As the man with the withered hand stood expectantly in front of Him, Yeshua posed another question to the scholars present in the synagogue, “What man is there among you who has a sheep, and if it falls into a pit on the Sabbath, will he not take hold of it and lift it out?” (Matthew 12:11). One might wonder why this question is relevant, but according to Sabbath law, one may not lift or carry an object (or an animal) outside of an established boundary.
The Master appealed to what must then have been a standard practice, at least in the Galilee: saving your animal’s life took precedence over the Sabbath prohibition on carrying and lifting. No one in the synagogue raised any objection to that premise. If that was not an accepted standard of the time and place, Yeshua’s argument would have lost its rhetorical force. Several men in the synagogue could have simply raised their hands and said, “We would not take hold of it or lift it out.”
Rabbi Yeshua’s hypothetical question seems to have been a standard rhetorical scenario for discussing Sabbath prohibitions. A passage in the Dead Sea Scrolls prohibits lifting an animal out of a pit on the Sabbath day, but apparently, in first-century Pharisaic-Galilean practice, the priority of rescuing an animal from a pit, even on the Sabbath, was a given. Later arguments in the Talmud take up the same question. Some opinions advocated removing an animal from a pit even on the Sabbath, out of concern for the welfare of the beast. They conceded that it may be necessary to violate some of the Sabbath’s prohibitions to alleviate or prevent the suffering of animals. The Talmud explains that showing kindness to animals “is a biblical law” and therefore weightier than legal stringencies. For that reason, the sages deemed it permissible to carry provisions to an animal to feed it or to enable it to climb out of a pit on the Sabbath day. All of these fall into the category of “doing good” on the Sabbath, because showing mercy to animals is a positive biblical commandment.

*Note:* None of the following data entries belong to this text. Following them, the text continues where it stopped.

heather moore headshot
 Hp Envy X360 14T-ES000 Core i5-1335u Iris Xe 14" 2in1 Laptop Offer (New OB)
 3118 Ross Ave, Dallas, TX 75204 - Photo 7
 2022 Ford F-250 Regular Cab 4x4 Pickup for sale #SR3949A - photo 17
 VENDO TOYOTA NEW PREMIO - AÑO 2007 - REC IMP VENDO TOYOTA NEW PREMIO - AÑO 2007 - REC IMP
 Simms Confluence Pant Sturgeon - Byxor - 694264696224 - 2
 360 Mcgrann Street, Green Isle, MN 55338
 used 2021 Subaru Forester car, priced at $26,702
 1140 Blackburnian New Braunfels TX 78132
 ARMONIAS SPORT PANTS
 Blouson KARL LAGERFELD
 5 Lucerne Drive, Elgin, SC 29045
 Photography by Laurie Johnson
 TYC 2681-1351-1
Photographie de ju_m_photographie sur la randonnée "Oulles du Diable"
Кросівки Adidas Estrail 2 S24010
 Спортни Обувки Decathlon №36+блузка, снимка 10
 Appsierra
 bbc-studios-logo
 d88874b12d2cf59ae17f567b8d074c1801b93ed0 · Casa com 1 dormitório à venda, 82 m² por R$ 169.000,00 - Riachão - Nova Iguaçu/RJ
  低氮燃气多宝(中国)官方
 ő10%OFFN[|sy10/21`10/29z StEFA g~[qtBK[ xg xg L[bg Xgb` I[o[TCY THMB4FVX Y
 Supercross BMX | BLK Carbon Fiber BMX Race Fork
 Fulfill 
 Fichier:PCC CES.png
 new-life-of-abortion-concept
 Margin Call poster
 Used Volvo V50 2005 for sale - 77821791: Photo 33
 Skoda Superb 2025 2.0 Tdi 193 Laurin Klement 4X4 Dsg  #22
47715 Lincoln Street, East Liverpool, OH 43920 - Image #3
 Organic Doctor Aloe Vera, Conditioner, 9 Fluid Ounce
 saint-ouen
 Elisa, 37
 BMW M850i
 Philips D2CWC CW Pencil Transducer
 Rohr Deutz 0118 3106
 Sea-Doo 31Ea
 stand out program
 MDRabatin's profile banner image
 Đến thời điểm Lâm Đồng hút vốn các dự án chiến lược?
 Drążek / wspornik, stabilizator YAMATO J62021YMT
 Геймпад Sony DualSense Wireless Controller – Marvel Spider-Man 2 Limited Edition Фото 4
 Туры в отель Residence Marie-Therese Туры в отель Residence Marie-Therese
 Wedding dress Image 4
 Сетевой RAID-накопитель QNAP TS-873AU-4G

The Master declared, “How much more valuable then is a man than a sheep! So then, it is lawful to do good on the Sabbath” (Matthew 12:12). Yeshua argued from the light to the heavy, a method of rabbinic argumentation that hinges on presenting a minor case, and then stating, “If this is so in the minor case, how much more so is it true in the major case.” Thus the logic proceeds from the light matter to the more serious matter: “If it is permissible to violate Sabbath in order to alleviate the suffering of animals, how much more so is it permissible to do the same for human beings?”